• [What is being asked]: Your answer is a copy of every line in the records where "Poster" appears.
--- Records for this task Enclosed Below ---
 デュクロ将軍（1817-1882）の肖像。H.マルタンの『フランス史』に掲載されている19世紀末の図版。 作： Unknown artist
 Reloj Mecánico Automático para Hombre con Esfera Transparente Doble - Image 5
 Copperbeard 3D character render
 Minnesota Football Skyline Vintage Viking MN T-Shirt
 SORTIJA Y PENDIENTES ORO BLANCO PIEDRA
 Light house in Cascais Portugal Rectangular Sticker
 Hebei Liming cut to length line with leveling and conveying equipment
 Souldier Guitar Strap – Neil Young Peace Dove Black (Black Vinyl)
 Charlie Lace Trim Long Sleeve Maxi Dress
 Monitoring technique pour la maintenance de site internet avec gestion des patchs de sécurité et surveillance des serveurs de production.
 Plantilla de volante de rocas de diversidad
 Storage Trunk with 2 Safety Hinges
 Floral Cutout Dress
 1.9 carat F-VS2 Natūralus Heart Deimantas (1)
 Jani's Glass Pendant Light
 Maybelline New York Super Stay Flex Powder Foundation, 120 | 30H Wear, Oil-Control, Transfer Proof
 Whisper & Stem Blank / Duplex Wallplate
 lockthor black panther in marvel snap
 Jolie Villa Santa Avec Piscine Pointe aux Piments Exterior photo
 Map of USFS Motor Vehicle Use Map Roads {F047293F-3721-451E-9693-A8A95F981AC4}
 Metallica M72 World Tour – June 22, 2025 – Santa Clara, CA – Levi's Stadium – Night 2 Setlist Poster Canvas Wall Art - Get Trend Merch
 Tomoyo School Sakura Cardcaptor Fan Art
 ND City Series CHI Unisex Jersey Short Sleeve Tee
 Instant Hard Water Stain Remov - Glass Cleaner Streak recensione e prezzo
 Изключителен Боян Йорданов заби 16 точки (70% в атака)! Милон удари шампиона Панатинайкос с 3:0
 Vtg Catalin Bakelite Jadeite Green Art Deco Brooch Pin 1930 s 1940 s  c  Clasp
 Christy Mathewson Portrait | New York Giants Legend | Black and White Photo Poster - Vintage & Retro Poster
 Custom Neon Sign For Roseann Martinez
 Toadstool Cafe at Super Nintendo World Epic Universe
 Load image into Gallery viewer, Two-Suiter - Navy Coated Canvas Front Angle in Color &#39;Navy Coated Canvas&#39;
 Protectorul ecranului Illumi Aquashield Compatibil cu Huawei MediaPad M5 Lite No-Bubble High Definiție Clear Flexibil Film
--- End of Enclosed Records for this task ---
• [Written solution]:
 Metallica M72 World Tour – June 22, 2025 – Santa Clara, CA – Levi's Stadium – Night 2 Setlist Poster Canvas Wall Art - Get Trend Merch
 Christy Mathewson Portrait | New York Giants Legend | Black and White Photo Poster - Vintage & Retro Poster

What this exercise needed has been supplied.